# Generator droop control

#### JohanK

Hello,

In reactive droop compensation mode, how is reactive power actually affecting the voltage control loop?

I suppose that voltage control regulation without droop, is a PID loop, with a voltage setpoint and the actual generator voltage as process value.
How does the reactive power signal actually affect the PID loop?
Does it offset the setpoint or process value and is it still a PID loop, or a proportional only loop?

Does speed/power droop control function the same way?

/Johan

#### JohanK

OK, but how would that help me with my question?

/Johan

#### CSA

JohanK,

You both seem to believe in similar philosophies of generator excitation control and regulation. Perhaps you can help each other come to some kind of mutual understanding. And, actually, there are four (4) questions in your original post to this thread.

Droop speed control is, as was explained, proportional control--no "reset" action (no I or D). A machine governor being operated in Droop speed control with 4% droop regulation will be at approximately 50% of rated load when the speed reference is at 102% and the actual speed is at rated. If the actual speed decreased by 0.5%, then the actual load being carried by the prime mover (watts; kW; MW) would increase by 12.5% of rated, to 62.5% of rated. This topic has been covered SO MANY times on Control.com, and can be found using the 'Search' feature at the top of every Control.com webpage.

Isochronous speed control on the other hand is proportional plus integral control (PI control). Any change in load on the system to which an governor being operated in Isochronous speed control mode will result in a very fast response by the governor in Isochronous mode in order to return/keep the frequency (which is a direct function of generator rotor speed) at rated (as long as the change doesn't cause the machine to go below 0 watts/kW/MW or above rated load). If the operator or some external system tries to change the load on a machine governor operating in Isoch mode the result will be to change the frequency of the generator and of the system. (Any time load(s) change on an electrical transmission and distribution system the immediate result will be for the system frequency to change (which also affects the speeds of EVERY generator synchronized to that system; synchronism and synchronization is a VERY POWERFUL phenomenon and term.)

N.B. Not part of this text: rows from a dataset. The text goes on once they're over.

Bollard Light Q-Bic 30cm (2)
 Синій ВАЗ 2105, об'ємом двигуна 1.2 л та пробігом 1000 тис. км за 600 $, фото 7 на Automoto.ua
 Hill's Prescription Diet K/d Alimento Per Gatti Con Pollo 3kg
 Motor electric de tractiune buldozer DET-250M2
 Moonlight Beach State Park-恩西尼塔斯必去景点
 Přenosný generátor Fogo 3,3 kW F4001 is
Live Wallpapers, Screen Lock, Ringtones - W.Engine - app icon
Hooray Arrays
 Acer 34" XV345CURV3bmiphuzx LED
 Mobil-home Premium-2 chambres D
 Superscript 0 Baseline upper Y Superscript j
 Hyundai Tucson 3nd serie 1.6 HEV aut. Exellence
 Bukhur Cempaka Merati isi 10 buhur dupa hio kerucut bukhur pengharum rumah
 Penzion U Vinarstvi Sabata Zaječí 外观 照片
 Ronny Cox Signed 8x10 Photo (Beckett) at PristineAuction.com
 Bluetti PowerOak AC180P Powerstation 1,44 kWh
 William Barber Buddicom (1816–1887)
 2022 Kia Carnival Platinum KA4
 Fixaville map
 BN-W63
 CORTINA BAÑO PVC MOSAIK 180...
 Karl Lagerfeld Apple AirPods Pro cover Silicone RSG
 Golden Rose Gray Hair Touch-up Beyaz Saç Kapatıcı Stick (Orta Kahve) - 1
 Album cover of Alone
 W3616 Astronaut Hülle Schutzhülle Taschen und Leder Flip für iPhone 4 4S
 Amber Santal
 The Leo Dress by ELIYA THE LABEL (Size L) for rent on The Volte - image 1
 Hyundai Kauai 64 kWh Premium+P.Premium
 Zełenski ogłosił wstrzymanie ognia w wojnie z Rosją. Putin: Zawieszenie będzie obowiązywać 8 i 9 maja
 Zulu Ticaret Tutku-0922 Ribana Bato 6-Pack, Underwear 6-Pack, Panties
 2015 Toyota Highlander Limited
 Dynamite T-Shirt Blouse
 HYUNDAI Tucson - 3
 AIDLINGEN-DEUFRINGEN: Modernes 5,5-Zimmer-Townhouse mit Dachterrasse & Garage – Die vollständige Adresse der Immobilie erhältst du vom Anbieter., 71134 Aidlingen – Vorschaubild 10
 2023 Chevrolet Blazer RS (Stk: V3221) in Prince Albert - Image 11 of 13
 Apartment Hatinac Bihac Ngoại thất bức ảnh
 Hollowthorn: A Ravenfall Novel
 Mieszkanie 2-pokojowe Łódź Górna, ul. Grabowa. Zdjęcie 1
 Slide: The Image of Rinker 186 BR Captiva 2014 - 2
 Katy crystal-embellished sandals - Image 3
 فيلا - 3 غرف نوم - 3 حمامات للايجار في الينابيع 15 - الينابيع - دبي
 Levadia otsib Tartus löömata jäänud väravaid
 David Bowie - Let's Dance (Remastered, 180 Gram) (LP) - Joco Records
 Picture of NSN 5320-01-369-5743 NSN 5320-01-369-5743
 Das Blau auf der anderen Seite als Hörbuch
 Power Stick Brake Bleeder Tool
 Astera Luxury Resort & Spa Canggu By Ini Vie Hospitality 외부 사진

That is why there should only be one--and ONLY one--generator set operating in Isochronous speed control mode connected to (synchronized to) any grid. Because multiple Isoch machines will DEFINITELY fight to control frequency (speed) and the usual outcome of that is not very pretty (think blackout). There is something called "Isoch load sharing" but it is really just detuned Isoch governor functions which REQUIRE external communications and control schemes to even attempt to operate properly and testing/tuning such systems can be fraught with issues and require huge amounts of time and even more effort.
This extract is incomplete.